Quaternary basanites were recovered from shallow water depth from the continental margin of the Bering Sea (58°39.0′N, 177°12.9′W) near Navarin Basin. The basanites are highly vesicular flow rock and hyaloclastites similar to other alkalic volcanic rocks erupted repeatedly during the late Cenozoic on islands in the Bering Sea region and in mainland Alaska. K–Ar ages for the basanites indicate at least two episodes of volcanism at about 1.1 and 0.4 Ma. Similar alkalic volcanism occurred sporadically at geographically widely separated centers in the Bering Sea region for at least the past 6 Ma. Chemically, these alkalic lavas are intraplate basalts similar to those erupted from oceanic islands and in some continental settings. Trace-element data indicate these alkalic lavas have been generated by small, but variable, amounts of partial melting of a meta-somatized lherzolite source.

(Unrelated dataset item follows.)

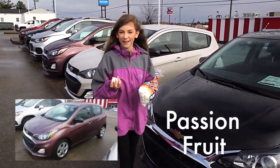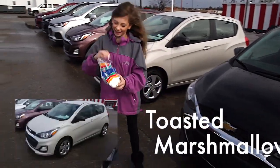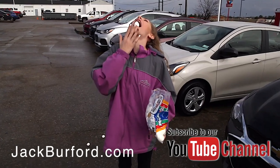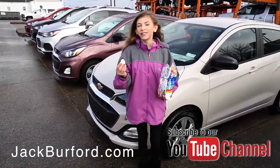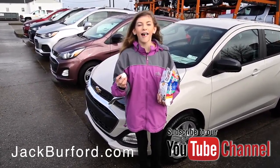Let's see how many I can fit in my mouth — so close! Be sure to come by Jack Burford Chevrolet on the EKU bypass in Richmond, and subscribe to our YouTube channel.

The relatively primitive compositions (MgO > 9%), presence of mantle-derived xenoliths in some alkalic lavas, and presence of forsteritic olivine with low CaO and high NiO suggest that magma rose rapidly from greath depth without spending time in large, long-lived magma chambers. Although lavas from different volcanic centers in the Bering Sea region are similar with respect to major elements and many trace-element ratios, isotopic compositions indicate heterogeneities in the source. The Navarin basanites have higher 87Sr/86Sr and lower 143Nd/144Nd values than any other lavas so far reported from this region. The 207Pb/204Pb isotopic ratios indicate involvement of a crustal component, which may have resulted from metasomatism associated with subduction-related magmatic activity during the Early Eocene in this region. Although some volcanic episodes appear to have occurred roughly synchronously at geographically widely separated centers, no large-scale regional extension nor presence of large mantle plumes are indicated. Instead, alkalic volcanism apparently resulted from upwelling and decompressional melting of small isolated mantle diapirs in response to local lithospheric attenuation associated with jostling of blocks during adjustment to regional stresses.